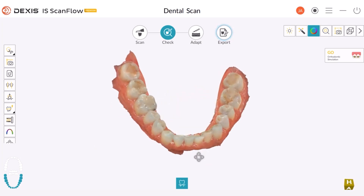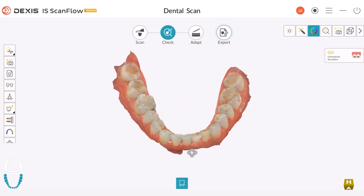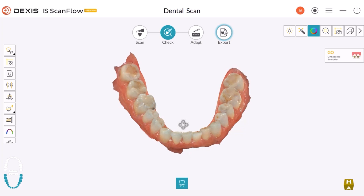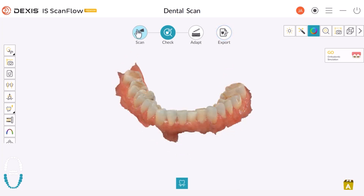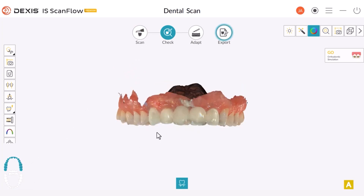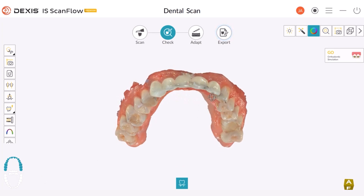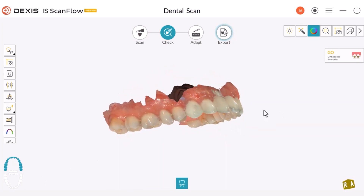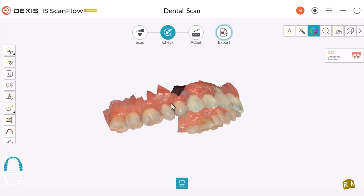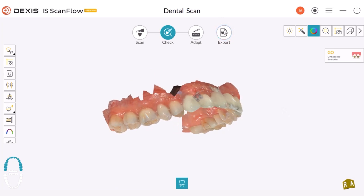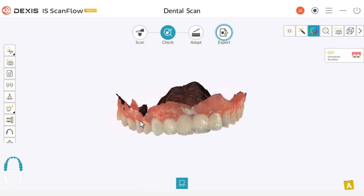This refined scan will help us meet a variety of needs. At this phase, we can return to the scanning process by clicking Scan if necessary. We can also switch our focus to the upper arch. Here I got a little close to the gingival margin, but I did capture some soft tissue around the tooth.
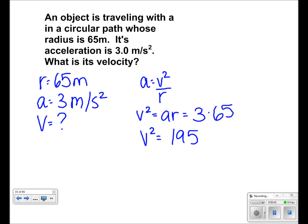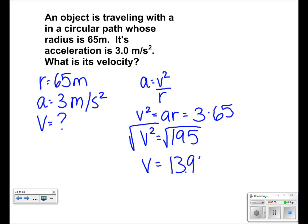Square rooting both sides, we get that velocity is equal to 13.96 meters per second.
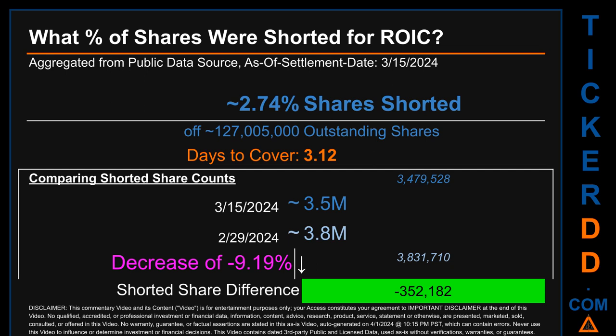What percentage of shares were shorted for ROIC for the two-week period ending on settlement date March 15, 2024? About 3.5 million shares of ROIC were shorted out of a total of approximately 127 million outstanding shares. Therefore, ROIC has a short interest of roughly 2.74 percent, calculated by dividing shorted shares by outstanding shares. Days to cover is 3.12. Comparing the current two-week period against the previous period ending settlement date February 29, 2024, the current snapshot had roughly 352,200 fewer shares shorted — a decrease of minus 9.19 percent.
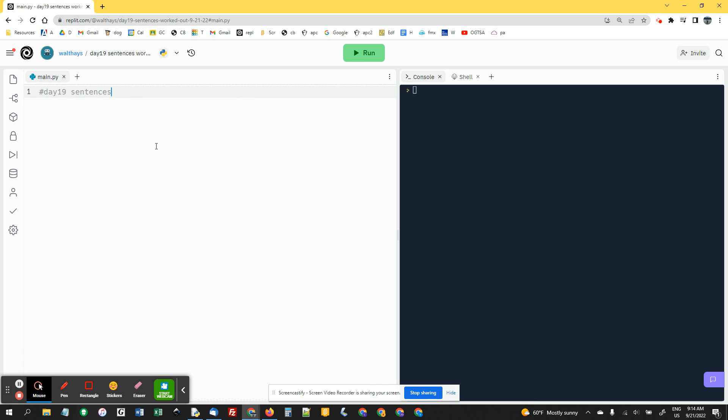All right, let's get going on this. We're going to start by putting your name in the top and naming this day 19 sentences.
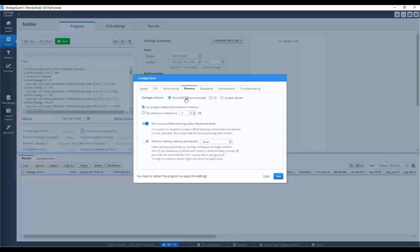For less powerful computers, we recommend to set this value manually. For computers with 8 gigabytes of RAM, we recommend to set maximally 2 gigabytes of memory. For those who have less memory, for example 6 or 4 gigabytes, we recommend to set maximally 1 gigabyte of memory.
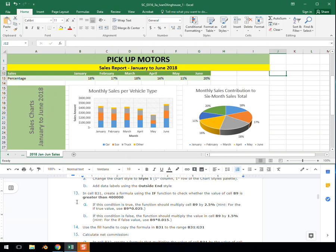Step 13. In cell B31, create a formula using the IF function to check whether the value of cell B9 is greater than 400,000.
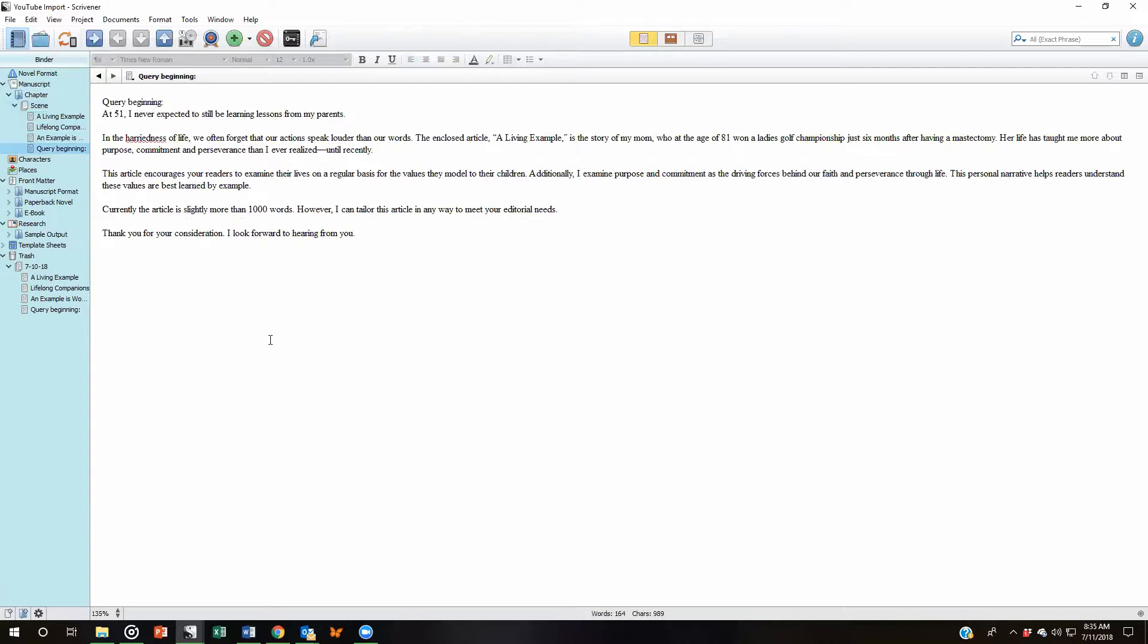This really is a wonderful way to bring your work in progress into Scrivener because you can split your chapters right from the get-go instead of importing the entire project and then having to go in and do a split within Scrivener.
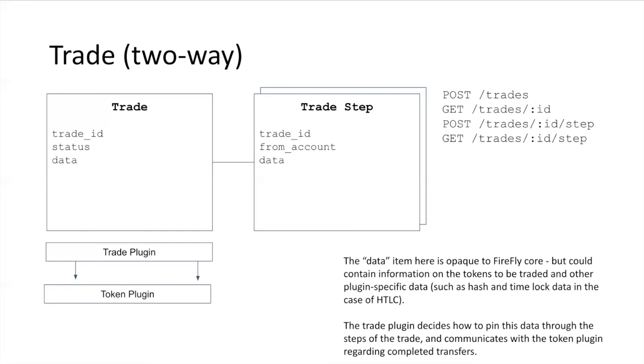The trade steps have a many-to-one relation to a trade. They have a link to that trade ID, an initiating account that points to a token account, and then some data attached to them. In the case of something like an HTLC, there'll be an initiator, there'll be a participate from the other side, the secret exchange to redeem it on one side, to redeem it on the other side. Each of those would map to a trade step. But it's generic, and you can map it to any other kind of two-party, in-party atomic trade. The APIs attached to this would be creating a trade, getting details on a trade, creating a step, getting details on a step.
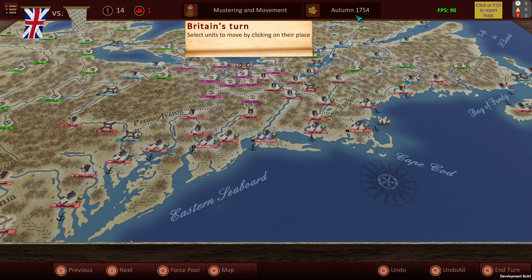You can see here that we're currently in the autumn of 1754 — you do have the seasons and the year which will be denoted over here. I am using an early access version, so do note this will not be presented in your own version.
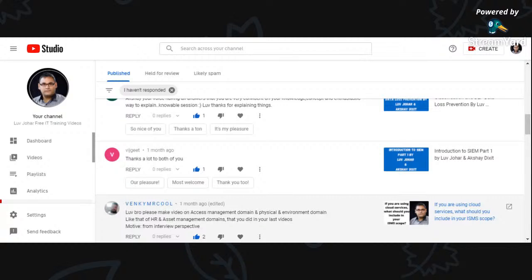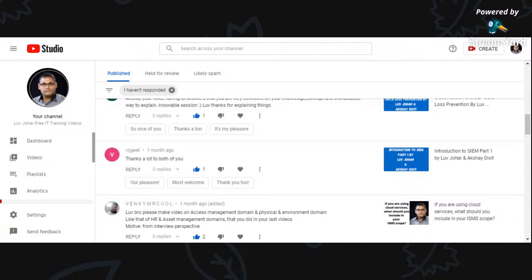Venki Mr. Kool writes: please make a video on access management domain and physical and environmental domain, like that of HR and asset management domains you have already done in the last videos, from an interview perspective. Sure, Venki, I will try to cover both these domains in this video so you get some understanding around access control as well as physical and environmental security.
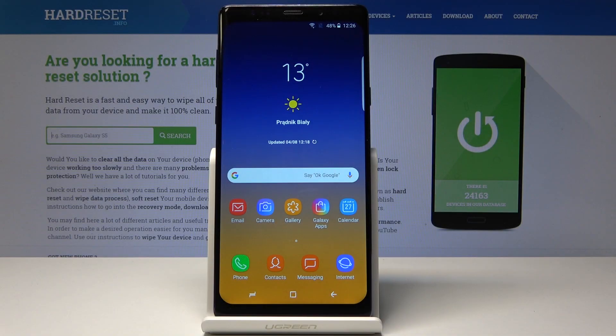Welcome. In front of me is a Samsung Galaxy Note 9 clone and I'll show you how to reset app preferences.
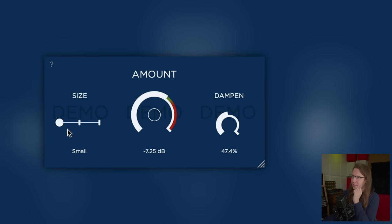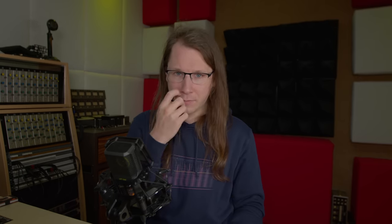So this is the plugin — it has three controls: size, amount, and dampen. Before I push some audio to it, I want to say that Joelle just emailed me asking if I could review this plugin. I looked at it and said yeah. There's no money being exchanged, and everything I'm saying in this video is my complete, honest, and independent opinion.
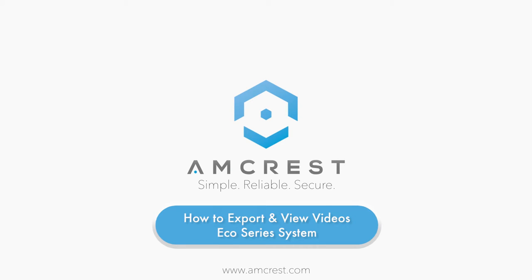Hello and welcome to this Amcrest video tutorial. In this video, we will show you how to select, export and view recorded video footage from the Amcrest EcoSeries system.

• • • •

▸ To do
Give the lines again exactly, starting where the entries begin and stopping once the line with "Step 13. In" is included; pictures are not copied.

▸ Answer
This refined scan will help us meet a variety of needs. At this phase, we can return to the scanning process by clicking Scan if necessary. We can also switch our focus to the upper arch. Here I got a little close to the gingival margin, but I did capture some soft tissue around the tooth.
Square rooting both sides, we get that velocity is equal to 13.96 meters per second.
What percentage of shares were shorted for ROIC for the two-week period ending on settlement date March 15, 2024? About 3.5 million shares of ROIC were shorted out of a total of approximately 127 million outstanding shares. Therefore, ROIC has a short interest of roughly 2.74 percent, calculated by dividing shorted shares by outstanding shares. Days to cover is 3.12. Comparing the current two-week period against the previous period ending settlement date February 29, 2024, the current snapshot had roughly 352,200 fewer shares shorted — a decrease of minus 9.19 percent.
All right, let's get going on this. We're going to start by putting your name in the top and naming this day 19 sentences.
For less powerful computers, we recommend to set this value manually. For computers with 8 gigabytes of RAM, we recommend to set maximally 2 gigabytes of memory. For those who have less memory, for example 6 or 4 gigabytes, we recommend to set maximally 1 gigabyte of memory.
Step 13. In cell B31, create a formula using the IF function to check whether the value of cell B9 is greater than 400,000.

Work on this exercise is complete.